Rain fell in torrents against the small countryside house as Gladys shuffled around her kitchen. She took a tarnished kettle from her old stovetop and filled it at a nearby sink.
“Gramma!”
Her arms shook as she held the kettle. Fingers that carefully gripped its worn handle were wrinkled and spotted, her knuckles bulging under the skin despite efforts to calm the ever-growing arthritis. Gladys sighed, replacing the kettle on her stove.
“Gramma!” The voice yelled again, this time louder. It came from the ceiling.
Gladys winced. “Zig, do you want tea or not?”
“Well yeah.” A pause. “Why’s it taking so long?”
Retrieving a lighter with a thick handle and long grey tip, Gladys clicked it twice and held the flaming end under her kettle.

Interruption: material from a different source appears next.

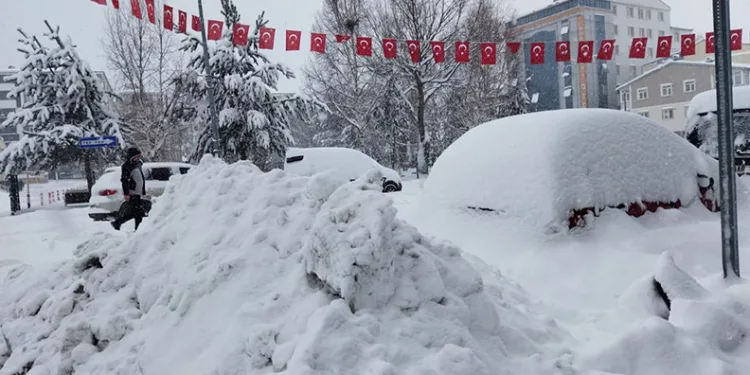 Ardahan’da 132 köy yolu ulaşıma kapandı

Flames rushed upwards from the burner in a great woosh and died down as Gladys adjusted the burner knob. “This isn’t a microwave. It takes time to boil water.” A loud thud sounded above her head. Gladys looked up. “You alright?”
“Yeah, just got another big one.”
Gladys replaced the lighter. “Drag it over and I’ll help.” She followed the sound of something sliding above her until she reached a thin ladder propped into little grooves in the floor. The ladder led up into a dark, yawning hole; the entrance to the attic. Boxes of varies sizes lay scattered around it on the floor.

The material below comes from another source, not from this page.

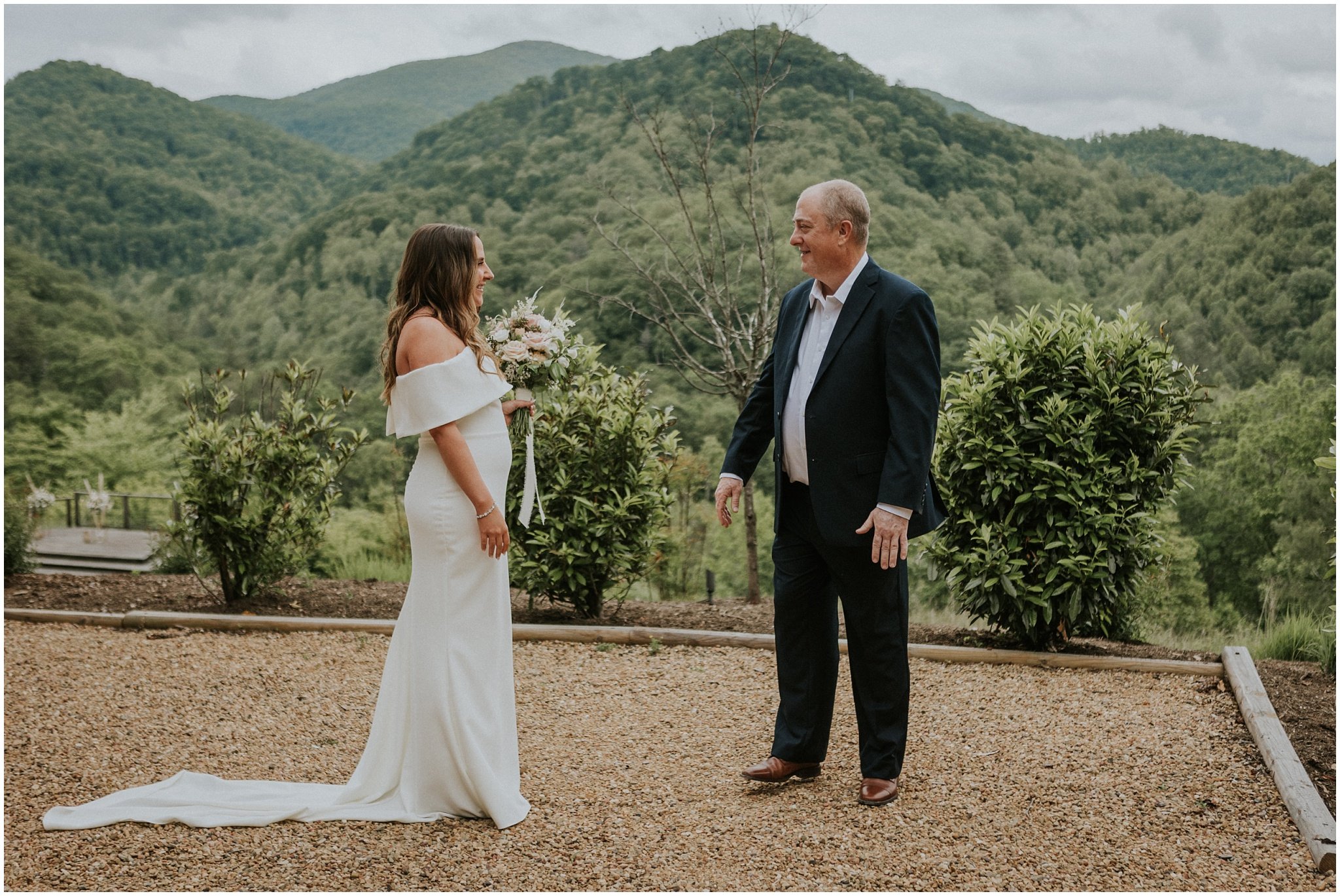sugar-hollow-retreat-butler-tennessee-boone-north-carolina-rustic-mountain-wedding-may-spring-summer-green-elegant-luxury-johnson-city-tn-katy-sergent-photography_0022.jpg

Rob – the old fart – almost broke the rungs the last time he tried investigating what all was stashed up there. Since his death, Gladys hadn’t dared climbing the ladder. Partially because her weight likely exceeded Rob’s by now – she didn’t want to break another hip falling – and partially because she didn’t want to do it alone.
Preparing for inevitable death was best done with company.
Spring cleaning, she told her granddaughter. Haven’t been up there in ages. Gotta declutter while I’ve got the help. It wasn’t a complete lie. It needed doing. Better to get it out of the way now than have Zig and her mother do it while mourning.
The corner of a cardboard box slid into view above her. Gladys stood in front of the bottom rung and held her arms out to catch it.
After some muffled grunting, Zig cried, “It won’t fit!”
“I got it up there somehow. Push harder.”
The box bulged downwards slowly.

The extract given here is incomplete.